Ex-Erste-Vorstand Peter Bosek: Auf der Suche nach dem inhaltlichen Schub
Peter Bosek ist Vorstand der baltischen Luminor Bank. Im Interview spricht er offen über seine Baustellen, die große Liebe zur Erste Group und eine mögliche Rückkehr.
Peter Bosek kennt man aus der Erste Group. 25 Jahre lang gestaltete der Banker das Unternehmen mit, zuletzt als Retail-Vorstand. Bis er den Entschluss fasste, auszuziehen. Die Luminor Bank in Tallinn ist seit 2021 seine unternehmerische Heimat, er formt daraus „eine vernünftige Bank“.
Wir treffen Peter Bosek bei einem seiner wenigen Besuche in Wien. Es ergibt sich ein launiges Gespräch über seine Herausforderungen in der baltischen Bank, seine Nähe zu Andreas Treichl und eine Rückkehr, die gut möglich scheint.
KURIER: Sie sind seit knapp zwei Jahren bei Luminor in Tallinn. Warum sind Sie gegangen?
Peter Bosek: Das hat sich ergeben, weil ich im Herbst 2020 ein Angebot bekommen habe. Dann kam der Gedanke: wenn ich es nicht jetzt mache, mache ich es nie. Und nachdem ich vorhabe, bis 75 zu arbeiten, wollte ich nochmals einen inhaltlichen Schub haben.
Ich habe die Erste geliebt und liebe sie noch immer, aber ich habe dort jeden Stein selbst hingelegt und nach zehn Jahren habe ich diesen Stein wieder aufgehoben und gefragt: welcher Depp hat den daher gelegt, weil ich vergessen hatte, dass ich es selbst war.
Sie sind ja nach der Uni quasi gleich dorthin.
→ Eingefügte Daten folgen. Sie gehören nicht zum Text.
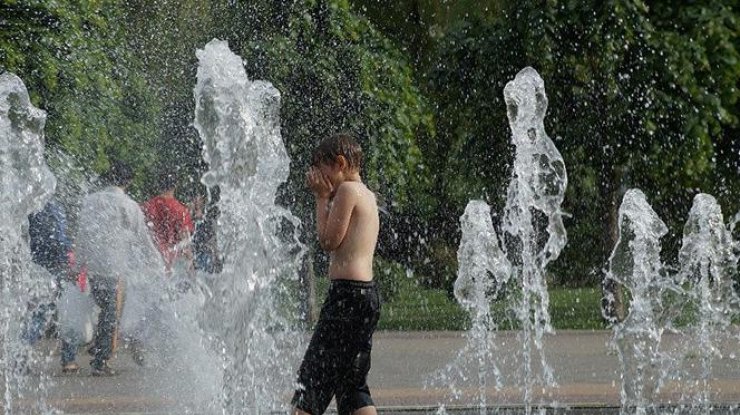 В Украине будет до 37 градусов жары. Фото posovetyem.com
Ich war dann auch noch Universitätsassistent am Juridicum. Ich war einmal ernsthafter Jurist, für Verfassungsrecht und Europarecht. Das war auch cool aber ein bisschen introvertiert. Und eigentlich wollte ich ja Geo-Fotograf oder Journalist werden. Oder ein erfolgreicher Autor.
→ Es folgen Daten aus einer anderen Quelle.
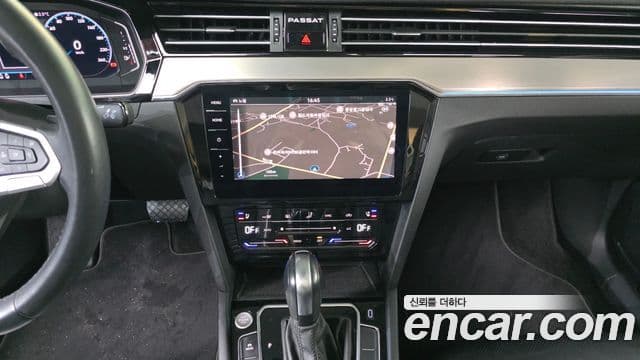 Volkswagen Passat GT 2022 — Şəkil 15/20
"Ich bin nicht gegangen, um zurückzukommen. Das wäre die falsche Motivation."
von Peter Bosek, baltische Luminor Bank
Dafür war das Jus-Studium nicht so ganz richtig.
Nein, nein. Das Studium war genial. Weil du damit alle Optionen hast. Man kann Hardcore-Juristenjobs machen oder in die Wirtschaft gehen. Ich habe ja nie verstanden, was man mit einem Wirtschaftsstudium machen kann.
Wirtschaft studieren? Wie soll das gehen. Verhandeln lerne ich am Naschmarkt und das mit der Buchhaltung ist nicht so kompliziert, das kann man sich aneignen.
Man sagt, nicht der nächste Job ist der wichtige, sondern der übernächste. Schon so weit gedacht?
Nein, diese Gabe habe ich nicht.
Sind Sie gegangen, um dort zu bleiben oder, um besser und teurer zurückzukommen?
Ich bin nicht gegangen, um zurückzukommen. Das wäre die falsche Motivation. Ich wollte ganz weg sein. Weil ich mich selbst in die Situation bringen wollte, nochmals von vorne anzufangen.
Nach 25 Jahren im Job hat man seine blinden Flecken. Man könnte den Job vielleicht auch mit 80 Prozent Einsatz schaffen, durch all die Routine, aber das ist natürlich völlig falsch.
"Es beklagen sich jetzt alle über diese Generation Z, aber das hilft ja nicht weiter."
von Peter Bosek, baltische Luminor Bank
Aber doch ganz angenehm.
Ja, aber für mich langfristig nicht denkbar. Ich habe einen anderen Anspruch.
Welchen Job haben Sie da angetreten?
Die Aufgabe ist, eine vernünftige Bank aufzubauen. Das waren einmal sechs kleine Banken, sie wurden fusioniert. Das ist deshalb super, weil es aktuell nicht so viele Situationen im Banking gibt, wo man etwas aufbauen kann. Es macht richtig Spaß.
Aufbauen, weil es ein Wachstumsmarkt ist.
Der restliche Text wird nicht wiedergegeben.